*Assigned task*
Using the data below, set down every line from the one containing "The production on" through the one containing "Question number three: MS-DOS", inclusive and unchanged. Pictures are to be skipped.

*Dataset content*
+===+

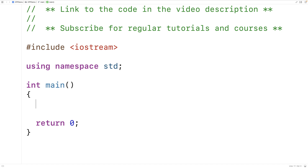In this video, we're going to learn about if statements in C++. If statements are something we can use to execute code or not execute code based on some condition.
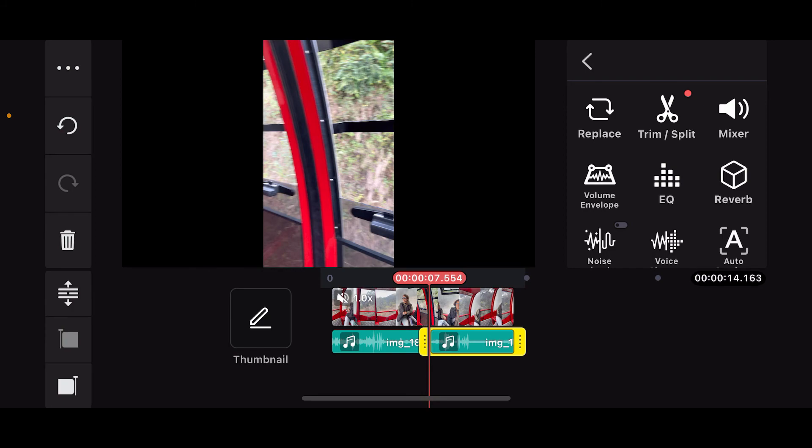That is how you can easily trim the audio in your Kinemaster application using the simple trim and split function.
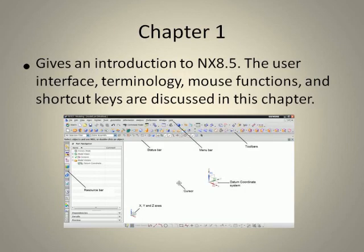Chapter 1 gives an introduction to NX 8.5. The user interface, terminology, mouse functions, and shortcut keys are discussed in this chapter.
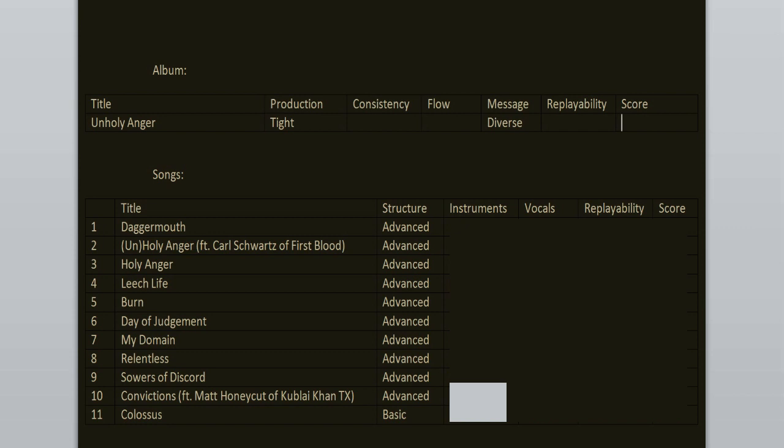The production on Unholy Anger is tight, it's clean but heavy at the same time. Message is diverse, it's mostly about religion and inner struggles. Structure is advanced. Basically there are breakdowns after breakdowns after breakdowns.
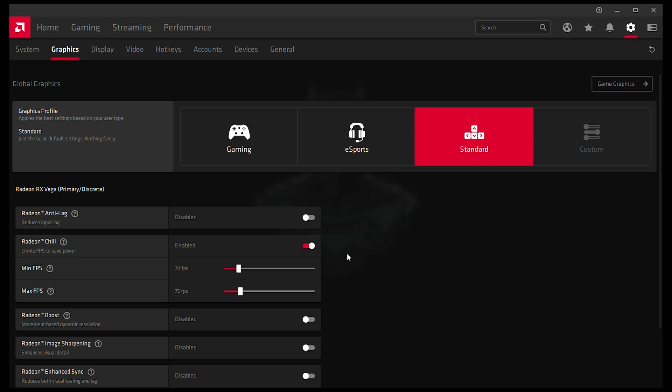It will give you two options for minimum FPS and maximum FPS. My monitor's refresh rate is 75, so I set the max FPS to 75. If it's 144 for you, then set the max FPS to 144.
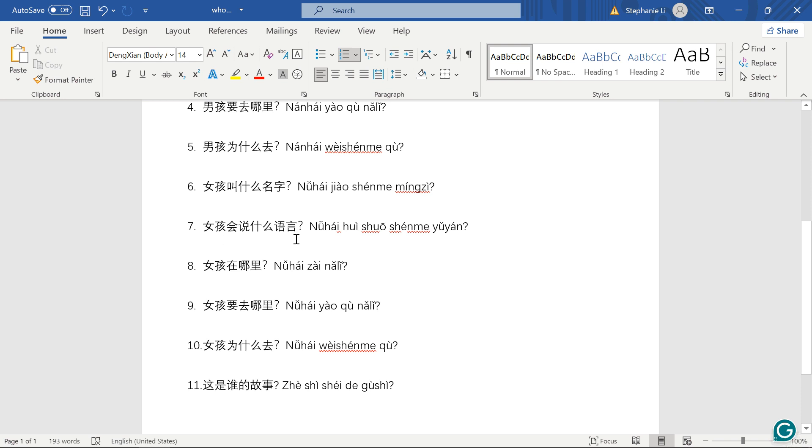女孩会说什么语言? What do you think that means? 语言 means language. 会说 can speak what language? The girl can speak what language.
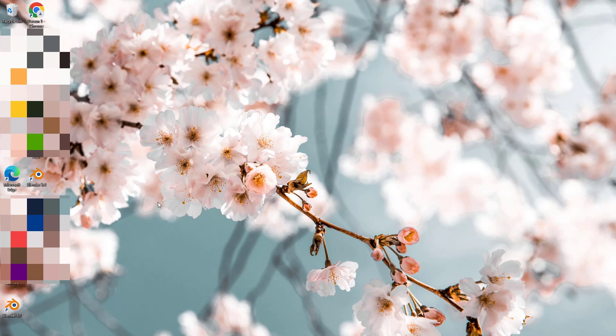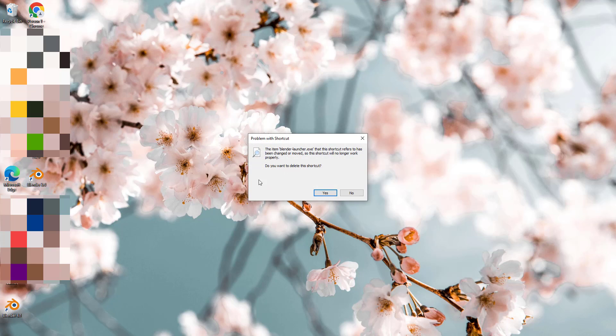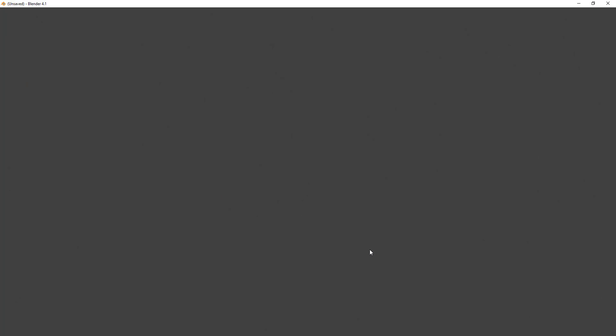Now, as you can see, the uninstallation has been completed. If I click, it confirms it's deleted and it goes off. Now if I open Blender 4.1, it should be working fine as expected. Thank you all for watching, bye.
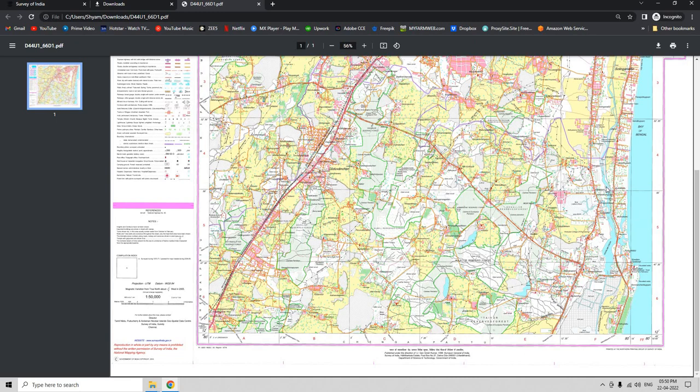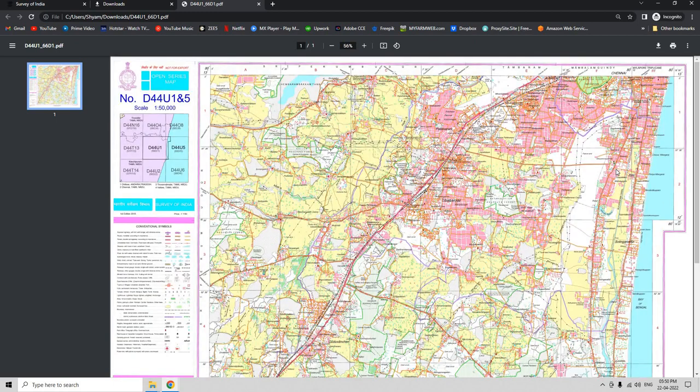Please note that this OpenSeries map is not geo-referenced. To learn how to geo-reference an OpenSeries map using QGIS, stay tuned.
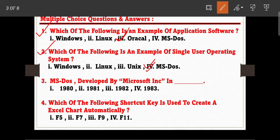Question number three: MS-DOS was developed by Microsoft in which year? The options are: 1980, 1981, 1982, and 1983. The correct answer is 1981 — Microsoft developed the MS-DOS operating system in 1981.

+===+

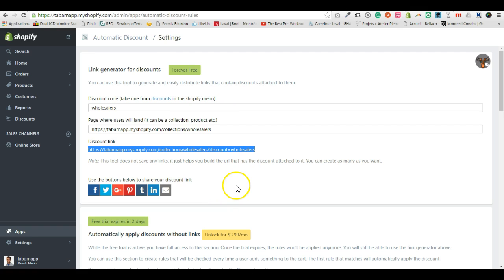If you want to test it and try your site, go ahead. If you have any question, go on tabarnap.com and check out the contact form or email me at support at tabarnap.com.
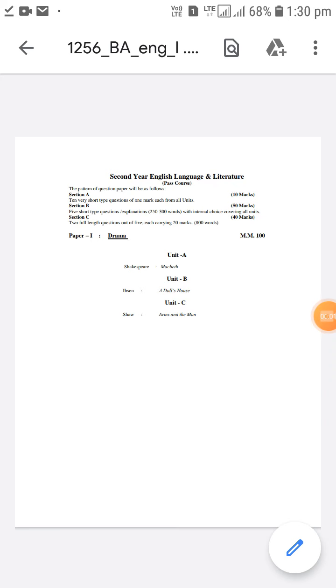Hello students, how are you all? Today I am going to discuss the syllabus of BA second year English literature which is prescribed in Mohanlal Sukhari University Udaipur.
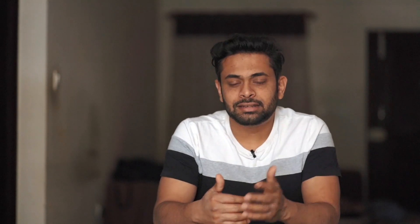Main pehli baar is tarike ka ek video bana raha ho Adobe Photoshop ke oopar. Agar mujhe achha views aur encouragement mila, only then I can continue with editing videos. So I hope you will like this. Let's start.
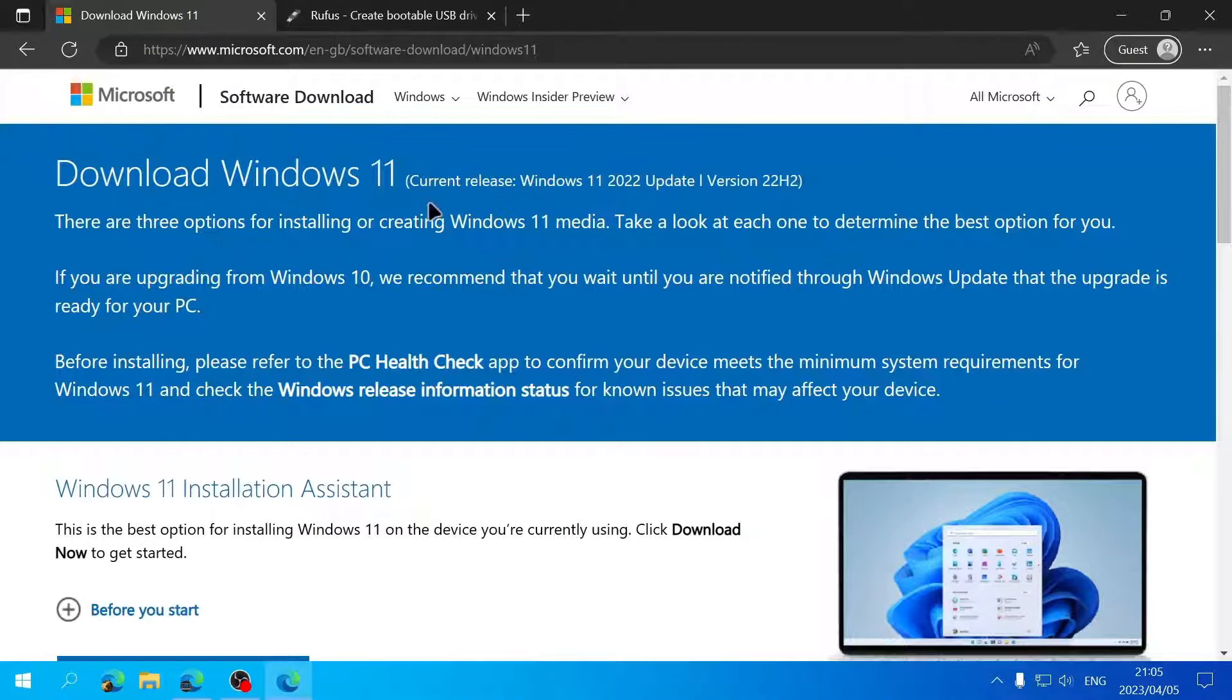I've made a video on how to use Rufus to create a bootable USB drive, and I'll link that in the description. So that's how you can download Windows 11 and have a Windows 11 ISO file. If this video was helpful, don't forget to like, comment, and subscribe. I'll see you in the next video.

+===+

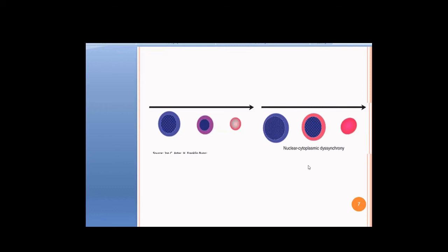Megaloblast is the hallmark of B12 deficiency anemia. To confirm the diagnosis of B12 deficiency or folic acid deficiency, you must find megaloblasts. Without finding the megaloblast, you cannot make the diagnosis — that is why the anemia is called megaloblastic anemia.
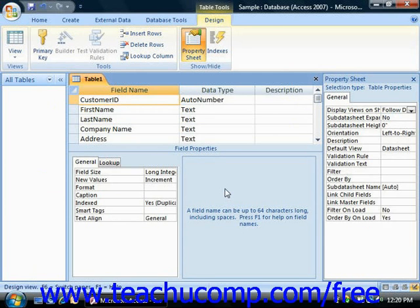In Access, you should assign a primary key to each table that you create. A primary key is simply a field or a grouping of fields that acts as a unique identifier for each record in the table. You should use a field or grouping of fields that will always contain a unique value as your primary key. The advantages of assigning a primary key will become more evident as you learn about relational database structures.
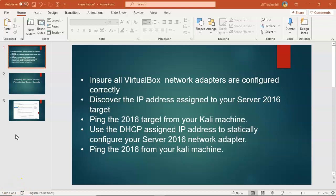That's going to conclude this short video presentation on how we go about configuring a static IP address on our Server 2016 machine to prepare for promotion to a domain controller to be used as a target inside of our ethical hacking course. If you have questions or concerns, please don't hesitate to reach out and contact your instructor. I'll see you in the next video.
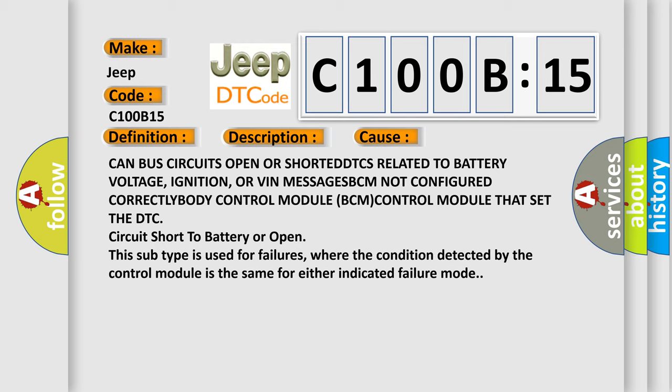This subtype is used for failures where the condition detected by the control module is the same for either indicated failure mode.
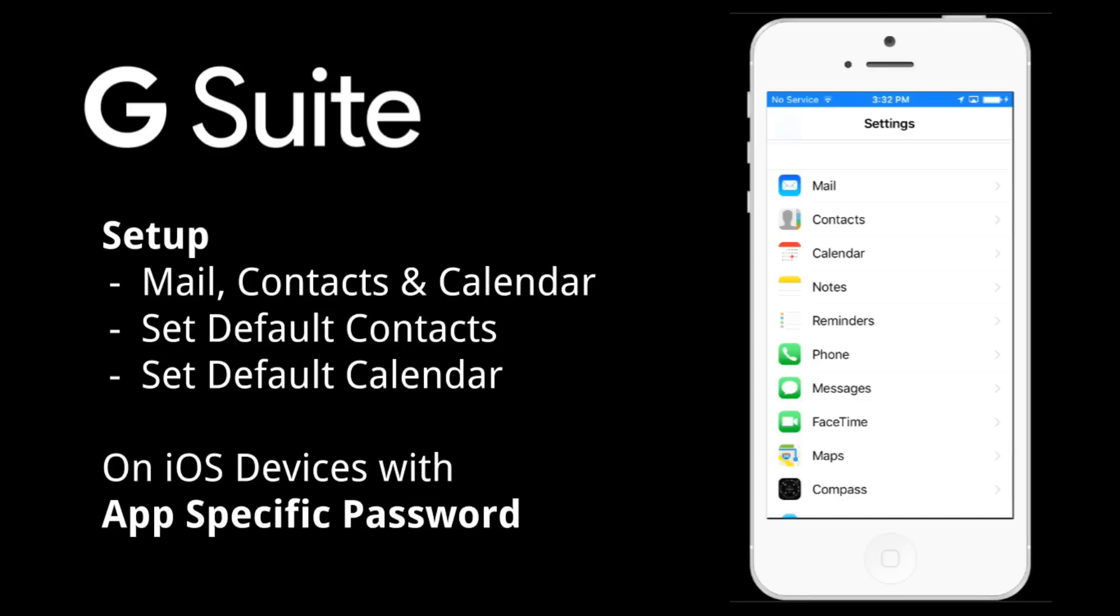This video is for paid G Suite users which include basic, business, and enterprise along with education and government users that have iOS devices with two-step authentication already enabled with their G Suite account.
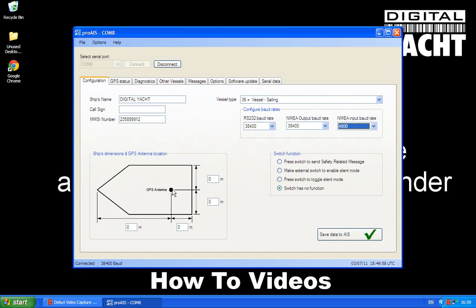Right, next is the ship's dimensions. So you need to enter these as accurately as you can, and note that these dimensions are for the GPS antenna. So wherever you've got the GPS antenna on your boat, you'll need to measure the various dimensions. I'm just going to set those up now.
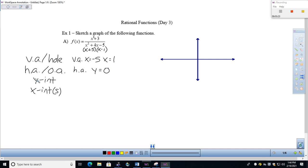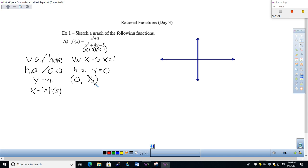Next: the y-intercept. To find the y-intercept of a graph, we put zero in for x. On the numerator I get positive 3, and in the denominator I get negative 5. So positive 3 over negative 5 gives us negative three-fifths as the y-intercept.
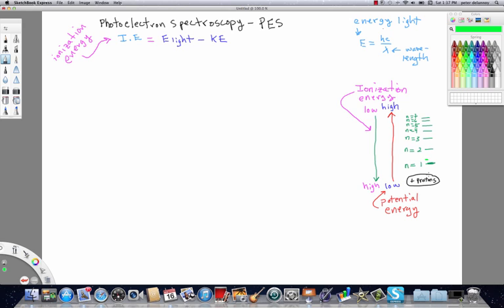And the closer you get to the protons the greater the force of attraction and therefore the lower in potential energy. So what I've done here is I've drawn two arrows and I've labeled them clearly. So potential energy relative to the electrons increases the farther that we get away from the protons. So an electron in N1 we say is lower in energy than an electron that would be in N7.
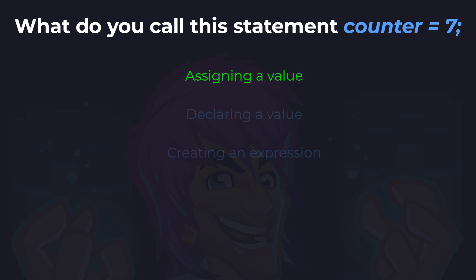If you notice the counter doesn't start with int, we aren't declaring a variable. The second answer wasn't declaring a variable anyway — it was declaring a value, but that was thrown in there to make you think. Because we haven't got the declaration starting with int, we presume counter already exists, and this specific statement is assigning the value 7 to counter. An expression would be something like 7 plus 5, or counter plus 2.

+===+

*Output for this task*
The production on Unholy Anger is tight, it's clean but heavy at the same time. Message is diverse, it's mostly about religion and inner struggles. Structure is advanced. Basically there are breakdowns after breakdowns after breakdowns.
It will give you two options for minimum FPS and maximum FPS. My monitor's refresh rate is 75, so I set the max FPS to 75. If it's 144 for you, then set the max FPS to 144.
女孩会说什么语言? What do you think that means? 语言 means language. 会说 can speak what language? The girl can speak what language.
Now, as you can see, the uninstallation has been completed. If I click, it confirms it's deleted and it goes off. Now if I open Blender 4.1, it should be working fine as expected. Thank you all for watching, bye.
Please note that this OpenSeries map is not geo-referenced. To learn how to geo-reference an OpenSeries map using QGIS, stay tuned.
Question number three: MS-DOS was developed by Microsoft in which year? The options are: 1980, 1981, 1982, and 1983. The correct answer is 1981 — Microsoft developed the MS-DOS operating system in 1981.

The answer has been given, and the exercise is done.